Among the entries below, count the lines that contain the word "Used". Respond with the count only.

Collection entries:
+===+

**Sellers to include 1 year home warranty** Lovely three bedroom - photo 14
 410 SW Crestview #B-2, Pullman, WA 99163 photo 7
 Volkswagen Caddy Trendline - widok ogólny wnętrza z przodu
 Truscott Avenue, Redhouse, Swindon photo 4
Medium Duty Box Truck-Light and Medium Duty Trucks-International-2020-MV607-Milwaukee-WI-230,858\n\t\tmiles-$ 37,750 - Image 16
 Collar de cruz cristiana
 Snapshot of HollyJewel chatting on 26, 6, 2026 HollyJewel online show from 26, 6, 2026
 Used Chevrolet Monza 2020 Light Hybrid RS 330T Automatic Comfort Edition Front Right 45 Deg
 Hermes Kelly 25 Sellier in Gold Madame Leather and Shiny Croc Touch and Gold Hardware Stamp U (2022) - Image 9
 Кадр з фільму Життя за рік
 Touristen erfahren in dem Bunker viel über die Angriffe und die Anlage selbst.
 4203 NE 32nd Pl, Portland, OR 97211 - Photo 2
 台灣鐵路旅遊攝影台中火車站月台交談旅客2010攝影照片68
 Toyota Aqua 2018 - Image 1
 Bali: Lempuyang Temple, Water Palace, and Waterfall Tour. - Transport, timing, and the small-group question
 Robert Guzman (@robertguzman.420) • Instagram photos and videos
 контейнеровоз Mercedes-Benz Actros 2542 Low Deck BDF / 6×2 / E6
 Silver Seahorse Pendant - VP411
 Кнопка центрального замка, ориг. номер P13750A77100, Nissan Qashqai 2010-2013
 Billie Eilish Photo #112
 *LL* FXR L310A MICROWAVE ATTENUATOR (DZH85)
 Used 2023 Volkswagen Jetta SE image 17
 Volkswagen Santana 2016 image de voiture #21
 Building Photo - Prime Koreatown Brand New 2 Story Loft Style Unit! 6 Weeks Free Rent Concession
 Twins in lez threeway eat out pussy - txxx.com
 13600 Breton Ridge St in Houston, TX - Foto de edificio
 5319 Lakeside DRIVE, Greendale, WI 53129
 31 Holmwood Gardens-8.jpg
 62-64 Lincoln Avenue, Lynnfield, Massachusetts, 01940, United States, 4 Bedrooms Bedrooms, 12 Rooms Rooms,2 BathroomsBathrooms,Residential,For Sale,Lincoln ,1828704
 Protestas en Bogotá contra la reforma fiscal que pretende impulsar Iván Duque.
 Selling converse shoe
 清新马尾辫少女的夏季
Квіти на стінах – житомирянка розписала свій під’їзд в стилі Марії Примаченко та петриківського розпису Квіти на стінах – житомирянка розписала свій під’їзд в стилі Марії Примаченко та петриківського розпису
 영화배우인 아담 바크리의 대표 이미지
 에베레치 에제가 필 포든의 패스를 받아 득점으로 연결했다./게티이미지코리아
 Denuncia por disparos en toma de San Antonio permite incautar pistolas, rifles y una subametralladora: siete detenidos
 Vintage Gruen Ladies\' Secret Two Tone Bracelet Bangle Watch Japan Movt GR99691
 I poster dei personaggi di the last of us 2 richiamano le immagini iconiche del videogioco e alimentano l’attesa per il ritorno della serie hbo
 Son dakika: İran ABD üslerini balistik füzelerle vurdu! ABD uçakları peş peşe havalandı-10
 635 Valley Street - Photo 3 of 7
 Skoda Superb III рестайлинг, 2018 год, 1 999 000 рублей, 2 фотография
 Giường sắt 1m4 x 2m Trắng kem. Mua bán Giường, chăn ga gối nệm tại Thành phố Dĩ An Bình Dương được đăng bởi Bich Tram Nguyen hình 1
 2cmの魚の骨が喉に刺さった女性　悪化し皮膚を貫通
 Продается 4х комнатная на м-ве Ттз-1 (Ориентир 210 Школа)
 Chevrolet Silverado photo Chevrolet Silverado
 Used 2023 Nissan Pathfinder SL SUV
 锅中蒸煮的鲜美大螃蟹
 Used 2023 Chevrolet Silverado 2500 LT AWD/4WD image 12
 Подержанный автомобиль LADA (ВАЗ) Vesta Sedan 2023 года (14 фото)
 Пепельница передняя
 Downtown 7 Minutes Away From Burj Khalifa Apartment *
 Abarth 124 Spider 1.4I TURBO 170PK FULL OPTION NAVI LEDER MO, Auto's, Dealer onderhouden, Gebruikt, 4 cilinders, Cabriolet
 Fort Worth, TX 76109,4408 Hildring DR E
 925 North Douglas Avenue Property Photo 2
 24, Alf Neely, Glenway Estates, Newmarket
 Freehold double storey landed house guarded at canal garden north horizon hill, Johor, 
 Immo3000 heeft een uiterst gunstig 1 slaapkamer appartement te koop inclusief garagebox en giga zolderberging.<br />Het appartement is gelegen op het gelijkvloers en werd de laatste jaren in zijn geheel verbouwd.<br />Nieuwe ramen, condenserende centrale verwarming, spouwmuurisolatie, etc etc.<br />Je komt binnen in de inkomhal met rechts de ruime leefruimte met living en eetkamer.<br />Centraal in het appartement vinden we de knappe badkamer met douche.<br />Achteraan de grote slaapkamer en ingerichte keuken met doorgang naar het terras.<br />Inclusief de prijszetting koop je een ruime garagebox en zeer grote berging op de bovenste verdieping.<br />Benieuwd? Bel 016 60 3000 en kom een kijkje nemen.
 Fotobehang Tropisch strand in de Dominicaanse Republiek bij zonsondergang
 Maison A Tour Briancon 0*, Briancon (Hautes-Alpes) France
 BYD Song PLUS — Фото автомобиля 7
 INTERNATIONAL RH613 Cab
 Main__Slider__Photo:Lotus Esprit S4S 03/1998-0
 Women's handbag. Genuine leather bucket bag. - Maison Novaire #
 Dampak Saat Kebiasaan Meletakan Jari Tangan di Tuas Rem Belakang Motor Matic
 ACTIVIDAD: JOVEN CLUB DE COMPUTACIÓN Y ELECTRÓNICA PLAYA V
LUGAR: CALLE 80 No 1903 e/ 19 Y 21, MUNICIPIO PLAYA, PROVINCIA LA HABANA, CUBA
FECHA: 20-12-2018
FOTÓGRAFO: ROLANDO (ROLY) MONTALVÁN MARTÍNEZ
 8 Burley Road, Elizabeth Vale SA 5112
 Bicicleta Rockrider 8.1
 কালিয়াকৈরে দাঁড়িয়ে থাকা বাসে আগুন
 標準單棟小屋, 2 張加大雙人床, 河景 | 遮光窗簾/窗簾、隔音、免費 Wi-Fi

+===+

(Output for this task) 4